• TASK DETAILS: Copy out the data in full and exactly, passing over the pictures.

• DATA EXTRACT:
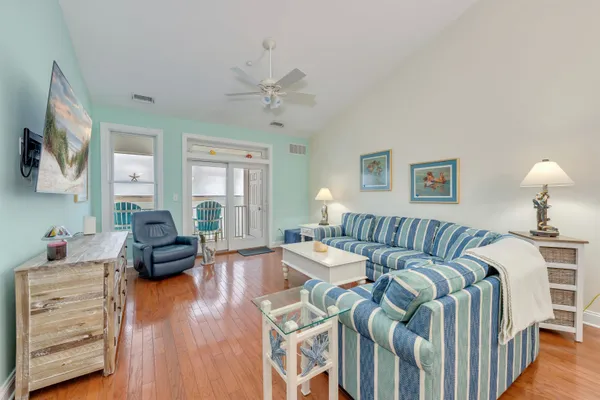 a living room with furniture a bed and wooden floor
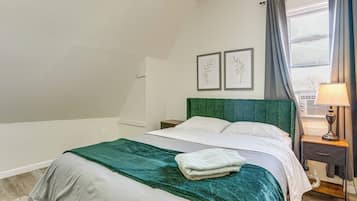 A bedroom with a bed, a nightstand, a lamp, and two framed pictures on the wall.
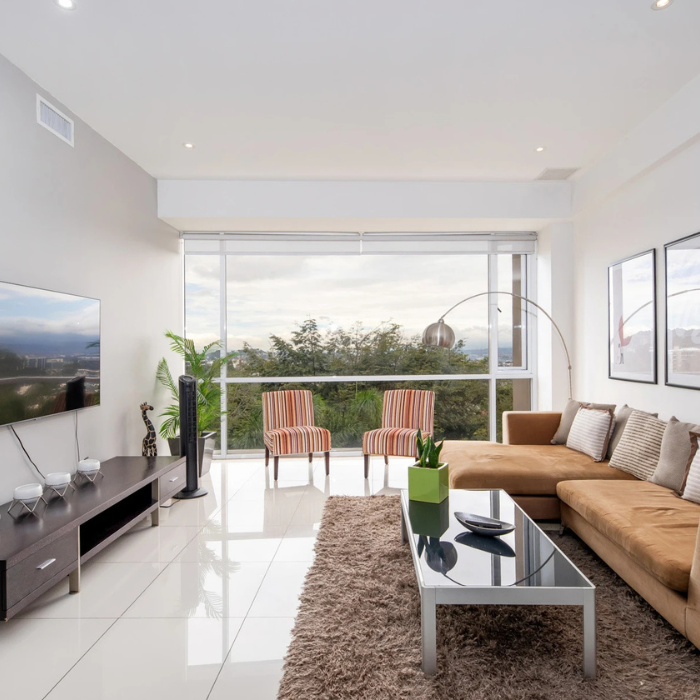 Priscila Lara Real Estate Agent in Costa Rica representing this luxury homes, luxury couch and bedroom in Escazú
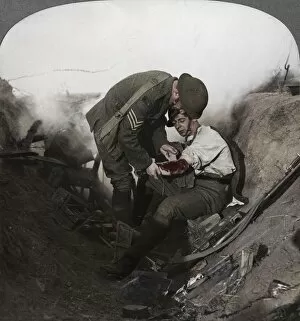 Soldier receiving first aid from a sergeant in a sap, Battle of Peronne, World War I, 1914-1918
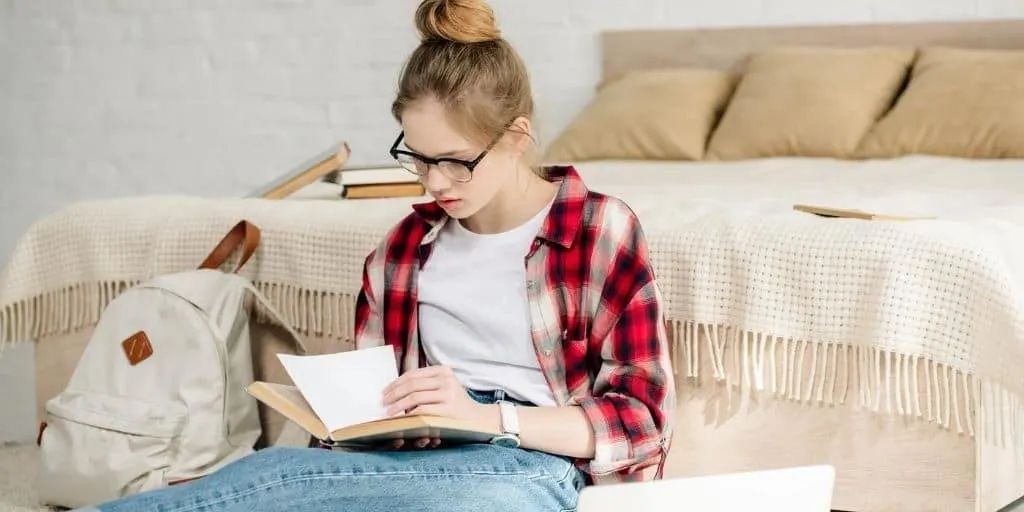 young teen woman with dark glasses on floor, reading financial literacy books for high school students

• PROBLEM SOLUTION:
 a living room with furniture a bed and wooden floor
 A bedroom with a bed, a nightstand, a lamp, and two framed pictures on the wall.
 Priscila Lara Real Estate Agent in Costa Rica representing this luxury homes, luxury couch and bedroom in Escazú
 Soldier receiving first aid from a sergeant in a sap, Battle of Peronne, World War I, 1914-1918
 young teen woman with dark glasses on floor, reading financial literacy books for high school students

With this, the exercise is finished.